Capisco che a fronte di questa situazione ad alcuni amici venga da pensare, in tutta onesta, che sarebbe necessario organizzare una presenza politica di ispirazione cristiana. È una idea che non mi convince. Oggi molti cattolici aderiscono e votano partiti che non sono molto vicini alle indicazioni della Dottrina Sociale della Chiesa. Inoltre, vi sono molti cattolici che pensano di essere nel giusto nell’appoggiare la Lega e non pensano di essere incoerenti con i valori della Chiesa, ma pensano di essere realisti o ritengono di essere deboli e di doversi difendere e che una cosa è la politica un’altra è la morale o la fede.
Credo che anche le «terze vie»: costruire coordinamenti dei movimenti, oppure dar vita a un Movimento politico che non sia un partito ma qualche che gli assomigli, sia abbastanza sterile.
È difficile scendere nel merito delle singole proposte. Soprattutto per chi come me molti di questi sentieri ha cercato di percorrerli e ne ha dovuto costatare l’impraticabilità.
Che fare? Questa è la domanda cui bisogna cercare di rispondere con onestà e chiarezza. È tempo di ridefinire un modo di presenza nuova e segnata da una laicità profonda e vissuta e che sia in grado di provocare una diversa attenzione al valore del messaggio evangelico. Ci dobbiamo rendere conto che molte persone abbandonano i riferimenti e l’adesione al cristianesimo e questo è il vero problema che abbiamo come credenti e che molte volte è dovuto alle nostre debolezze e incoerenze. Da queste costatazioni che merierebbero un maggior e più rigoroso approfondimento, ne derivano due modalità di azione:
1. Sul terreno più propriamente religioso e di evangelizzazione.
Sul terreno etico e culturale sul quale sono in discussione i valori di fondo senza i quali la politica declina. Sono convinto che c’è una tradizione di pensiero e di proposta c che va recuperata, aggiornata e rilanciata e mi riferisco al personalismo sociale, in cui l’intreccio tra il personale e il politico sono cosi legati da consentire di evitare l’individualismo, il collettivismo, il mercatismo e il populismo;
2. Sul terreno dell’azione concreta, facendo i conti con la situazione concreta, si devono individuare le priorità su cui intervenire (povertà, immigrazione, sviluppo sostenibile, ambiente e relazioni umane, questioni del lavoro e dell’occupazione, dell’intervento pubblico, disuguaglianze e sicurezza, sostegno della famiglia, istruzione e formazione, politiche industriali,) ma l’elenco potrebbe continuare. Andrebbe affrontato il tema della politica estera e dell’integrazione europea. Credo che abbiamo anche il compito di contribuire a ridare credibilità alla democrazia.

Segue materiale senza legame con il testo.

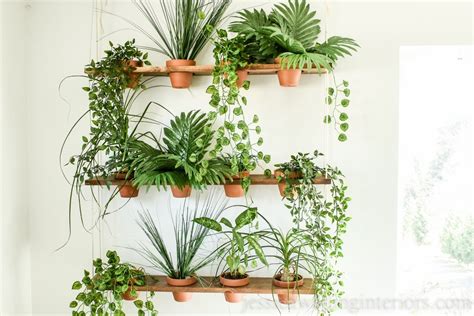 How To Build Indoor Vertical Garden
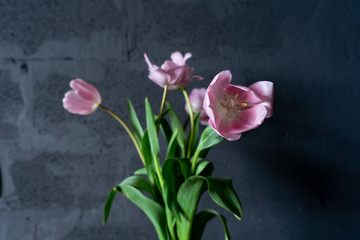 Bouquet of fresh pink tulips on March 8 against a gray wall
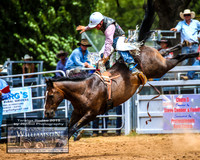 TaralgaRodeo2019_8360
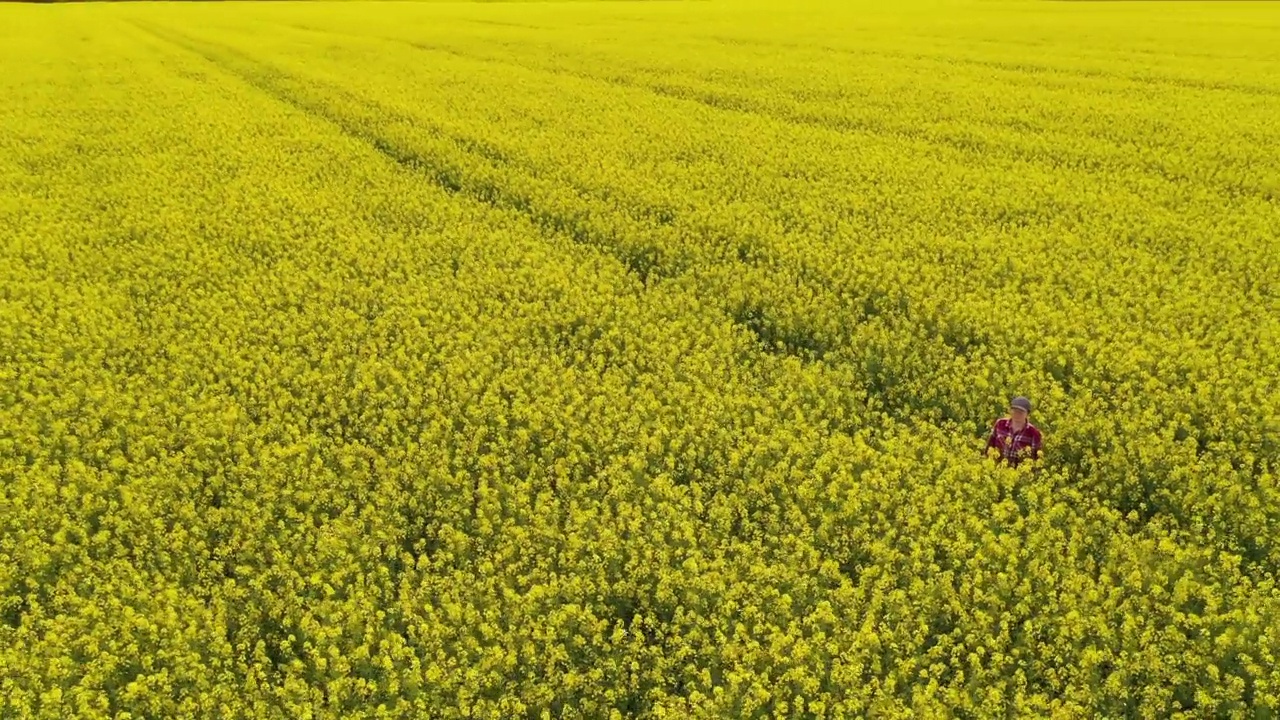 高角度的女农民检查开花的油菜籽作物。一位身穿红色格纹衬衫、头戴卡车司机帽的农学家正在油菜籽种植园工作视频素材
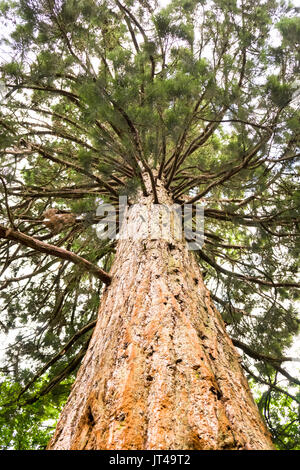 Tronco di corteccia arancione di un albero di sequoia gigante (Redwood) che fa parte del Tall Trees Trail nel New Forest National Park, Inghilterra, Regno Unito Foto Stock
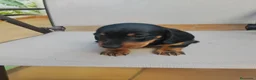 Teckel Miniatura perros en venta: Teckel Miniatura - Anuncio 9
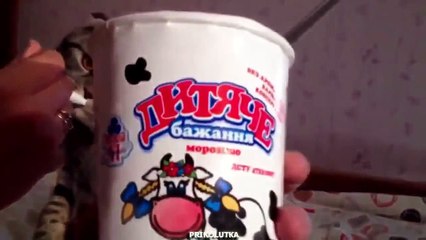 Best funny animal videos 2015 Funny videos animals 2015 FULL HD YouTube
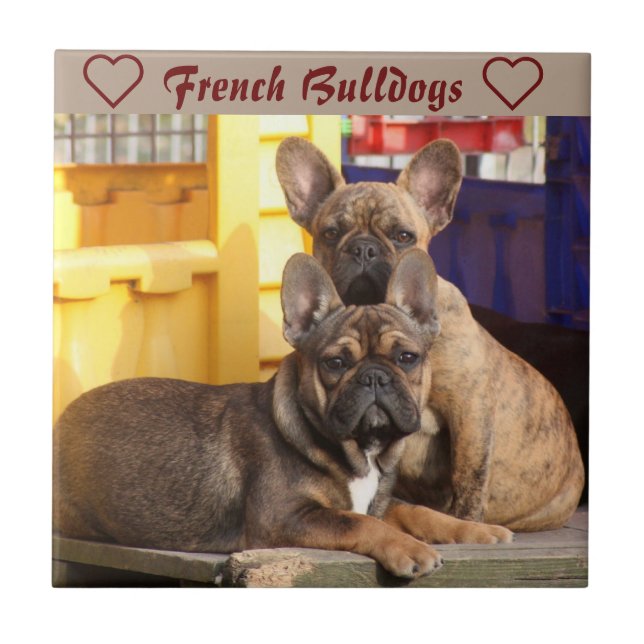 French bulldog ceramic tile (Front)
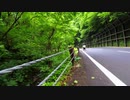 ボッチ車いすの渓流釣り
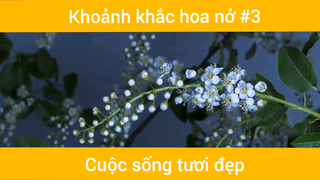 Hoa nở đẹp nao lòng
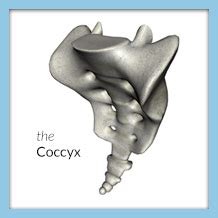 Coccygectomy for Tailbone Pain | Orthopedic & Laser Spine Surgery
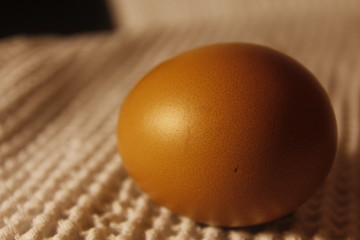 egg dish white
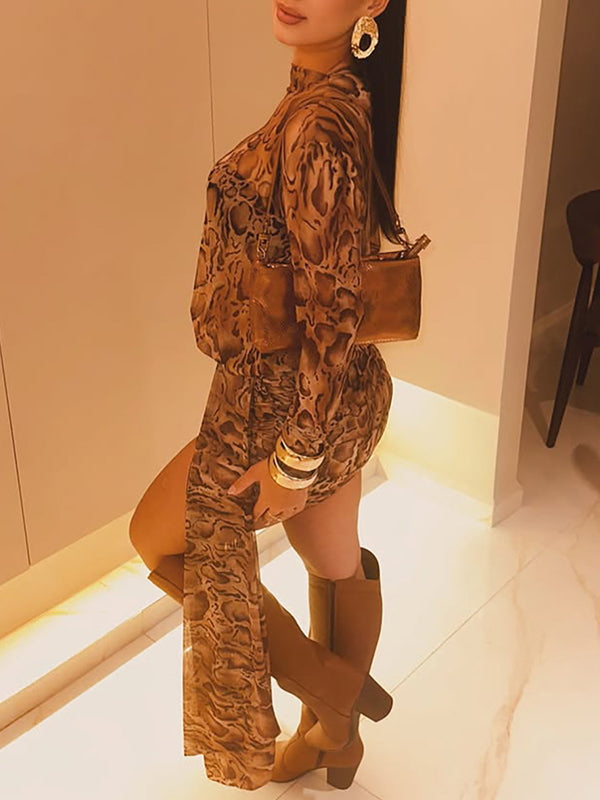 Printed Draped Sheer Dress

Queste sono, in definitiva, le modalità dell’impegno che il mondo cattolico deve fare proprie. Un impegno che, stante la situazione di difficoltà che la politica attraversa, diviene un dovere ineludibile, se si vogliono ricostruire le basi di una convivenza civile partecipata e solidale.
Personalmente e senza pretese di verità credo che l’area dove trovare le modalità di una presenza sia quella riformista; quello che va evitato è di accettare la riduzione a una minorità identitaria, ma avere la capacità di accettare, in autonomia di pensiero e di proposta, di compartecipare attraverso mediazioni – faticose ma necessarie – a esperienze più grandi, soprattutto oggi che dobbiamo contribuire a fermare l’onda sovranista.